Spatial Speech Translation consists of two AI models, the first of which divides the space surrounding the person wearing the headphones into small regions and uses a neural network to search for potential speakers and pinpoint their direction.
The second model then translates the speakers’ words from French, German, or Spanish into English text using publicly available data sets. The same model extracts the unique characteristics and emotional tone of each speaker’s voice, such as the pitch and the amplitude, and applies those properties to the text, essentially creating a “cloned” voice. This means that when the translated version of a speaker’s words is relayed to the headphone wearer a few seconds later, it sounds as if it’s coming from the speaker’s direction and the voice sounds a lot like the speaker’s own, not a robotic-sounding computer.
Given that separating out human voices is hard enough for AI systems, being able to incorporate that ability into a real-time translation system, map the distance between the wearer and the speaker, and achieve decent latency on a real device is impressive, says Samuele Cornell, a postdoc researcher at Carnegie Mellon University’s Language Technologies Institute, who did not work on the project.
“Real-time speech-to-speech translation is incredibly hard,” he says. “Their results are very good in the limited testing settings.

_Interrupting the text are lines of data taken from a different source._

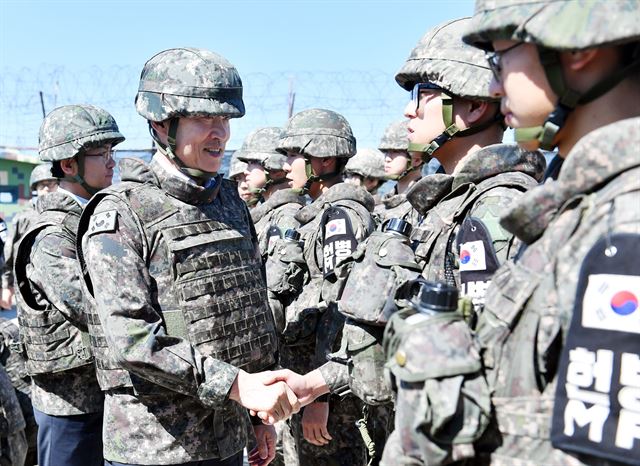 송영무 국방부 장관(앞줄 왼쪽 두번째)과 국회 국방위원장인 바른정당 김영우 의원(왼쪽)이 21일 육군 제6보병사단 최전방 GP를 방문해 장병들과 악수하고 있다. 국방부 제공=연합뉴스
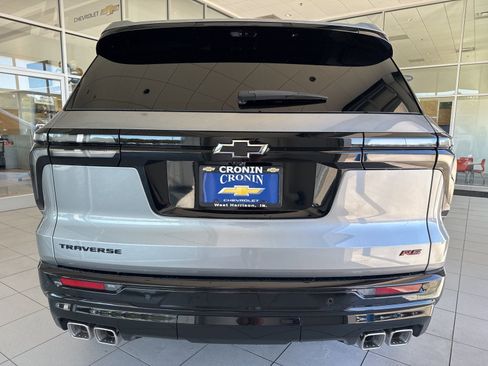 New 2026 Chevrolet Traverse RS w/ LPO, Floor Liner Package image 5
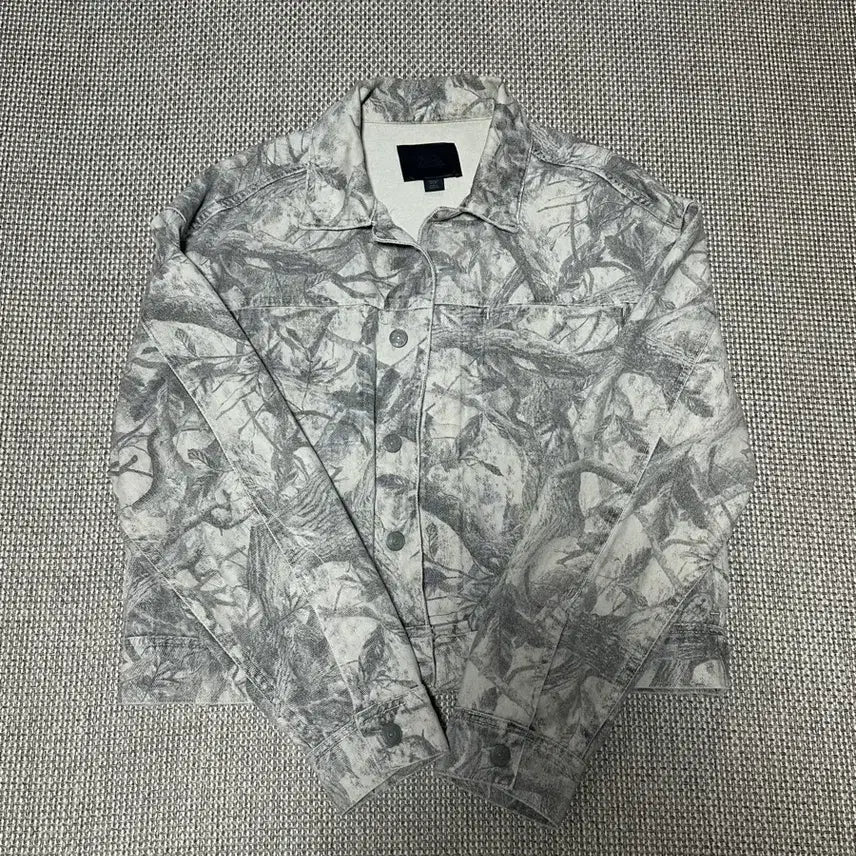 [BUNJANG] Zara Landscape Print Denim Jacket / ZARA Landscape Print Denim Jacket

But for a real product, one would need much more training data—possibly with noise and real-world recordings from the headset, rather than purely relying on synthetic data.”
Gollakota’s team is now focusing on reducing the amount of time it takes for the AI translation to kick in after a speaker says something, which will accommodate more natural-sounding conversations between people speaking different languages. “We want to really get down that latency significantly to less than a second, so that you can still have the conversational vibe,” Gollakota says.
This remains a major challenge, because the speed at which an AI system can translate one language into another depends on the languages’ structure. Of the three languages Spatial Speech Translation was trained on, the system was quickest to translate French into English, followed by Spanish and then German—reflecting how German, unlike the other languages, places a sentence’s verbs and much of its meaning at the end and not at the beginning, says Claudio Fantinuoli, a researcher at the Johannes Gutenberg University of Mainz in Germany, who did not work on the project.
Reducing the latency could make the translations less accurate, he warns: “The longer you wait [before translating], the more context you have, and the better the translation will be. It’s a balancing act.”